No, no it isn't. Just like you wouldn't expect 2 * 3 + 8 to suddenly return 22 when you intend it to, you shouldn't expect the order in which you apply functions to not matter.

When you pass around a changing state object to every step of your program, you are effectively doing normal imperative programming with global-ish state.




I upvoted the original post only because of this comment, which gets to the heart of the matter with a simple example anyone can understand.

If the functions aren't commutative, function order definitely matters!


Commutative functions are scarce. You can rely on having transitive functions, but not commutative ones and frankly, there aren't that many useful commutative functions possible.

Yes, ordering matters, but if you cannot force ordering by protocol or by the types used, then the result is going to be non-deterministic by definition, which means it's not referentially transparent.


>No, no it isn't. Just like you wouldn't expect 2 3 + 8 to suddenly return 22 when you intend it to, you shouldn't expect the order in which you apply functions to not matter.*

Only the latter (that the order that pure functions are applied doesn't matter) has been touted forever as a benefit of functional programming, and what supposedly makes it "trivially parallelizable".


If the code is commutative, then this that statement is true.

But functional programming isn't going to make a non-commutative problem magically commutative.

All code has inherently serial parts (eg because of dependency chains). These cannot be magically made parallel (although, especially with immutable data, it may be possible to apply parallelism techniques like pipelining). However, the parts that are independent can be trivially parallelizable. Immutable state and functional programming make it easier to tease this out, but it doesn't automatically eliminate dependencies or allow them to be evaluated in arbitrary order.

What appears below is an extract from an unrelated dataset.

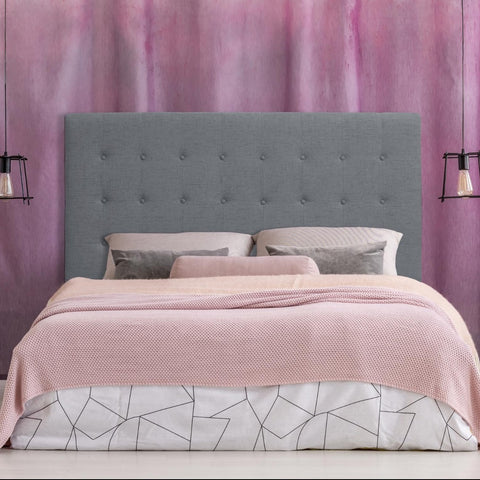 Tête de lit en tissu gris 160 cm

>If the code is commutative, then this that statement is true.

Actually my statement is true whether code is commutative or not -- since my statement wasn't that "pure functions can run at any order" but rather "people has been claiming often that pure functions can run at any order".

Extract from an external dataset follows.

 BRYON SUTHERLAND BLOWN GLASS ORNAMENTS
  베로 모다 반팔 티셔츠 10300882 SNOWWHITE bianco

What they claiming can be right or wrong (depending on the commutative nature of the functions in their code), but that people indeed claim it is true (and can be quantifiably verified)...


Can we see some examples of people claiming this?

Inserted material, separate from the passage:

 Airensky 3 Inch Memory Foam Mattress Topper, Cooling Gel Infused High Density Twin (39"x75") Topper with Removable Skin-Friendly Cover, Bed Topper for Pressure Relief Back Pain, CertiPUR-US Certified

Barring people who are new to FP and reading through a tutorial, who can make erroneous claims out of lack of understanding (just like people learning OOP also make mistaken claims about it), I don't see how anyone using FP can make that claim. It's evident that you cannot arbitrarily change the order in a series of transformations unless they are commutative. I mean, this is already the case with maths! Who would claim it isn't with FP?


>Can we see some examples of people claiming this?

I have posted several examples lower in this very thread.


Yes, thank you, I wrote this comment and then saw your other comment. Below that comment I explained why I think your interpretation of what those people are claiming is mistaken. Mind you, not a case of No True Scotsman: I'm saying they aren't arguing what you say they are arguing; at worst they are being unclear, but they are certainly arguing something very different!


Are you sure we are talking about the same "functional programming"? Consider a function that parses a number from a string, and a function that doubles a number. How could anybody expect the order of these applications to not matter?


Some people just oversell it, or don't think of the whole spectrum of commutativeness scenarios when they write about FP. I give several examples of that, lower in this thread, with links.

And it's exactly the same thing that the author of the original article discusses -- that order was supposed not to matter, but it does.


I don't think anybody ever meant to imply that pure functions can be composed in any order. That's the confusion here. "Pure functions can be run in any order" only means that they don't have side effects so one call doesn't impact another, but nobody ever meant or (hopefully) understood that to mean that the inputs and outputs of pure functions could be composed in any order. I don't even know what kind of confusion could lead to such an idea.


This is exactly what I was thinking.


Has it?

The order pure functions are applied in doesn't matter if their inputs don't change. Here, the inputs do change. The result of handleCollisions is a different state than the state you pass into it, so you should expect a different result when passing it to another function.

Pure functions are trivially parallelizable because they don't depend on non-local state. The moment you know what arguments you are passing to them, you can run them in whatever parallel or non-parallel fashion you like.

Every function that uses and returns a modified version of a single object can not be parallelized, since every single function in the pipeline depends on the result of the previous one. Here, for example, you don't know what the argument you are passing to processInput looks like until you've run handleCollisions.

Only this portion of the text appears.